Of all Madonna’s thirteen number ones, ‘Frozen’ – her first in almost eight years – has to be the strangest…
Frozen, by Madonna (her 8th of thirteen #1s)
1 week, from 1st – 8th March 1998
It’s her longest for a start, and probably the least accessible. There’s no instant hook, as with ‘Into the Groove’, and no controversial gimmicks, as with ‘Like a Prayer’. Instead there’s a shimmering, undulating electronic beat, beefed up at intervals by strange, reverberating sound effects and drum fills. And there are the strings that add an air of grandiosity to the song, especially when they come to the fore midway through, like an ‘Arabian Nights’ film score. A Rolling Stone reviewer at the time described it as “arctic melancholy”, and I think that’s perfect.
Interestingly for Madonna, the lyrics are the least noticeable thing about ‘Frozen’. They seem to be about a lover who is closed off: You only see what your eyes want to see, How can life be what you want it to be, You’re frozen, When your heart’s not open… Or perhaps it’s more religious, with Madonna, who had begun taking an interest in Eastern spiritualism, singing as a sort of high priestess. The video would bear this interpretation out, Madge floating above a desert, all in black, as a sort of nun-slash-witch, before turning into a flock of crows, and then a large dog.

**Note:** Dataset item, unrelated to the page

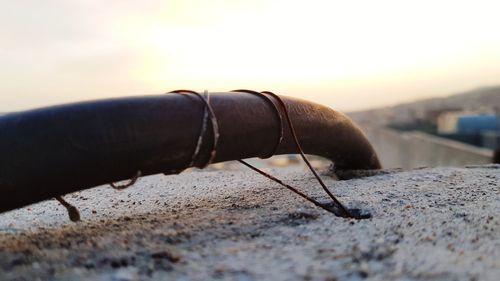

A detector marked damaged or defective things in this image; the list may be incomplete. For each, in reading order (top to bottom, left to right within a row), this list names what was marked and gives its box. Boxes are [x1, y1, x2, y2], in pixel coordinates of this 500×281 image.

rusty metal pipe [0, 92, 378, 212]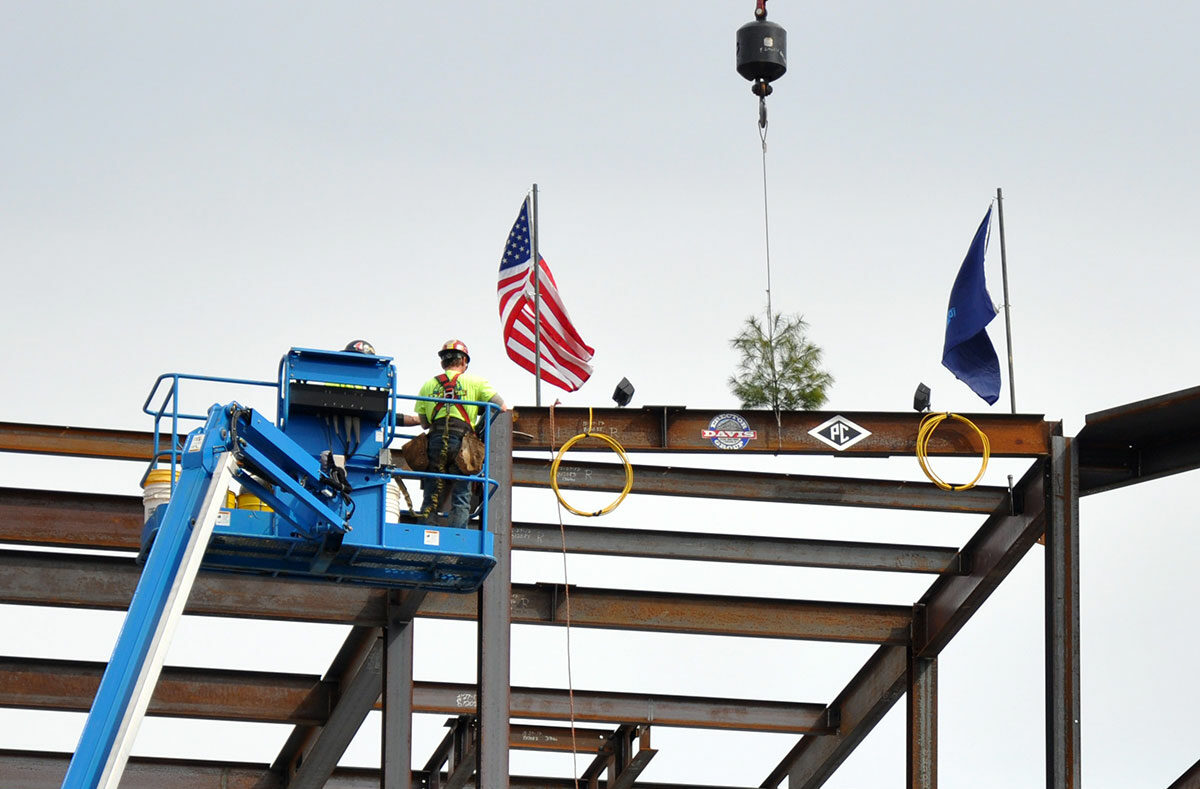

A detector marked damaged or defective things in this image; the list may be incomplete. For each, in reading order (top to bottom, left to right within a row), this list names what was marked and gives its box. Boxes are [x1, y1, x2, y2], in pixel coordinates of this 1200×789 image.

In fact, despite me claiming that this isn’t one of her gimmicky chart-toppers, the first thing that springs to mind when I think of ‘Frozen’ is Madonna – famously blonde for most of the past fifteen years – now with long jet-black hair. Always one for the visuals… The second thing I remember about this record is hearing it almost as often as ‘My Heart Will Go On’ at the pool bar in Lanzarote during my spring holiday that year.
And the fact that it was on such heavy rotation at the time perhaps proves that this isn’t as inaccessible as I suggested. In truth, there are just as many hooks here as in Madonna’s poppier numbers, they’re just buried in the trip-hop beats, and stretched out over six minutes. Of 1998’s seven number ones so far, three have now run on beyond five minutes – ‘Never Ever’, ‘All Around the World’, and this – while Celine Dion wasn’t far behind (and that one certainly feels longer than five minutes…)
Although this was her first number one since ‘Vogue’, Madonna hadn’t ever been away from the top of the charts. In fact, she’d casually racked up a further seventeen (!) Top 10 hits between ‘Vogue’ and now. At the same time, ‘Frozen’ was the lead single from her first studio album in four years, following a few years of compilations and soundtracks.
Undoubtedly then, we can class this is one of Madge’s famous re-inventions. She wasn’t just following current trends with William Orbit on production duty, she was setting them. Fifteen years is a lifetime for a female pop star, and this was a statement release, one that announced the Queen of Pop wasn’t going anywhere. ‘Frozen’ was an interesting choice for the lead-single though, especially considering that follow-up ‘Ray of Light’ is the much better remembered hit, but it makes for an interesting detour in Madonna’s chart history. This is her second and final ‘90s #1, making it by far her least successful chart-topping decade. However, she has five more ‘00s #1s to come, all perhaps owing a debt to how successfully she updated her sound here.